A new lawsuit by local advocacy groups alleges San Jose’s use of data collected by automated license plate readers deployed around town violates drivers’ privacy rights

The lawsuit, filed Tuesday in Santa Clara County Superior Court, takes aim at the city’s practice of allowing the San Jose Police Department to search a vast database of license plate and vehicle images without a warrant. The plaintiffs warn the data — which is used to aid police investigations and can be stored for up to a year — could be used to track drivers’ movements throughout San Jose.

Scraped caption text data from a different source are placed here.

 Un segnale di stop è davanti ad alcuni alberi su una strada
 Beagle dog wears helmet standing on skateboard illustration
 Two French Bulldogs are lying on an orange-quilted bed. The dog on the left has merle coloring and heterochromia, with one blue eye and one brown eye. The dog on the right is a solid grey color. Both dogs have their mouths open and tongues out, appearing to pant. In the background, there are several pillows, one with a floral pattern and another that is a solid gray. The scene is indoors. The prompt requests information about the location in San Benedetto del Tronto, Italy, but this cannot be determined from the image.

In their legal complaint, plaintiffs allege this violates the California Constitution ban on unreasonable searches, as well as its guarantee of privacy rights.

“Normally, that kind of location information is protected and requires that a government who wants to access that information obtain a warrant,” Nick Hidalgo, a staff attorney with the American Civil Liberties Union (ACLU) of Northern California, said. “But here, San Jose accesses all of that information, many, many times a month, and it does so without a warrant.”

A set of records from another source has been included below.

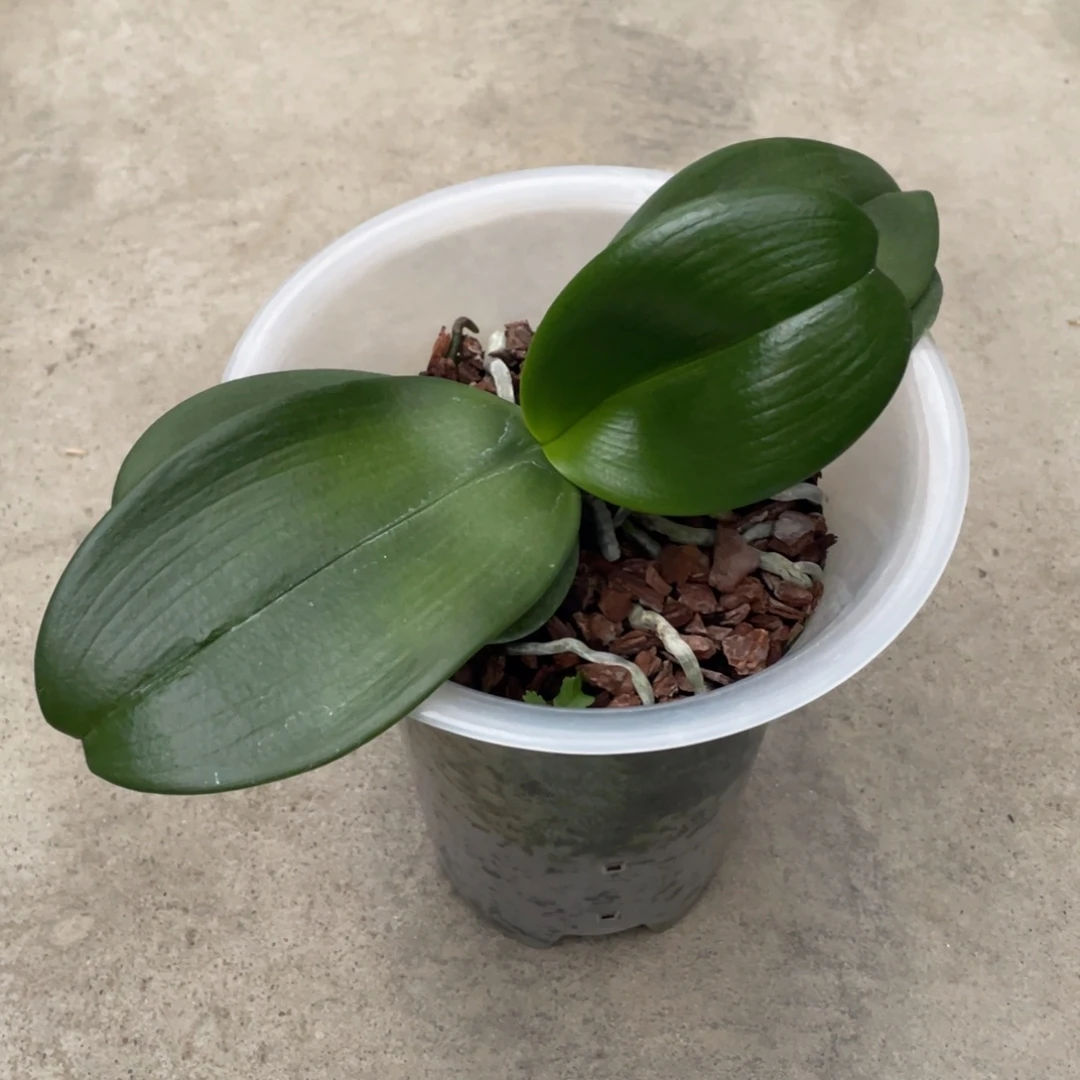 当前无花栽培后可以开花樱桃皇后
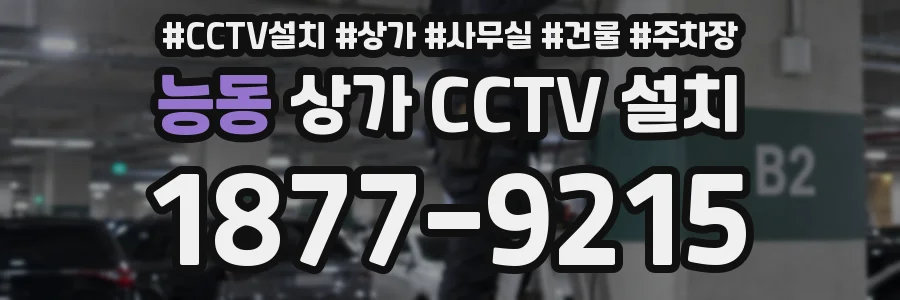 능동 상가 CCTV 설치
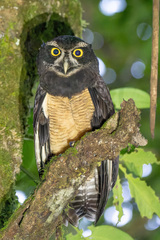 Pulsatrix perspicillata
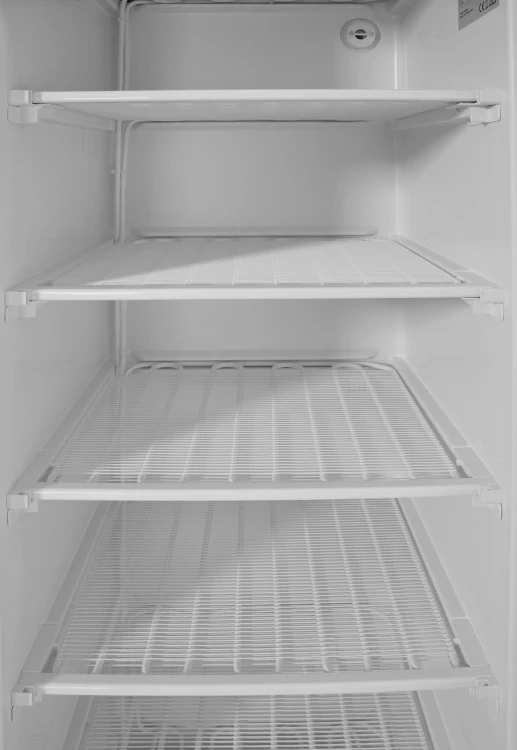 Szafa mroźnicza wolnostojąca Arktic Budget Line biały model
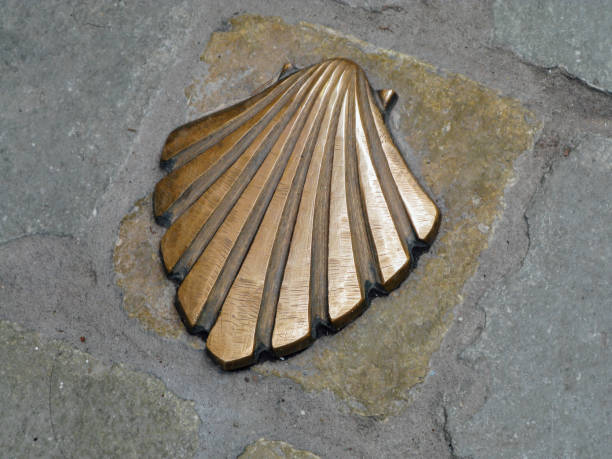 High angle shot of St James's shell on a wall in Leon, Spain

The ACLU is partnering with the Electronic Frontier Foundation to bring the case, which names San Jose, Mayor Matt Mahan and Police Chief Paul Joseph as defendants. The civil liberties organizations filed the lawsuit on behalf of two nonprofit groups — Services, Immigrant Rights and Education Network and the Council on American-Islamic Relations. Both have offices in the South Bay.

Automated license plate readers are an incredibly invasive mass dragnet surveillance tool,” Hidalgo told San José Spotlight. “Just for this information to be collected and compiled — it is causing people to fear that they are being tracked and monitored everywhere.”

Numerous police departments across California have been granted access to San Jose’s database, including neighboring cities Campbell, Gilroy and Milpitas. Plaintiffs are asking the court to restrict access to the data by requiring law enforcement agencies to first obtain a warrant before conducting a search.

San José Spotlight reached out to the mayor’s office, the San Jose Police Department and the City Attorney’s Office. All declined to comment on the pending litigation. However, Assistant City Attorney Kevin Fisher defended San Jose’s data privacy policies used to manage access to the license plate information.